Where’s Me Shoe?

I honestly couldn’t believe the nightmarish vision that came upon me as Steph picked me up from work yesterday.

Granted, she’d emailed me to let me know that she might be late as she’d decided to get her hair done.

And done she has been. I opened the car door to be affronted by this:
Steph does a Myra Hindley
Myra Hindley.

I mean, get me a bottle of peroxide and colour me albino……

You’ve got to get to grips with the concept of not going to Wal-mart to get your hair done. And you’ve also got to get to grips with not spending $100 for the privilege. Her barnet even managed to wake me up this morning as it tricked me into thinking the sun had risen a couple of hours early. Man, it’s sent my whole body clock out of whack.

Anyway, just so you don’t think I’m an evil little Ronnie, John forwarded me the following picture that he’d been asked to send to some magazine.
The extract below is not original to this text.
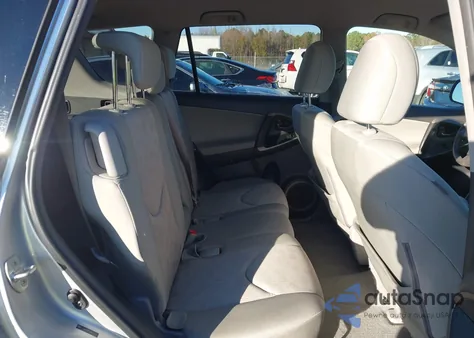 2010 Toyota Rav4 from USA, damaged, VIN 2T3BF4DVXAW063317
He’d plucked this beauty out of his top drawer.

John Butler and Paul Woodhouse after an impromptu business meeting
John on the left and me on the right.

I have no recollection of this particular picture being taken which means it must’ve been after an impromptu business meeting at the Cock Hill. I can assure you that I don’t always look like I’m about to start licking a doorknob unless I’ve been swigging their Stella.

I knew I shouldn’t have left media communiques in their incapable hands.

Although, it’s no small wonder he didn’t send them his photo of him looking window licking good.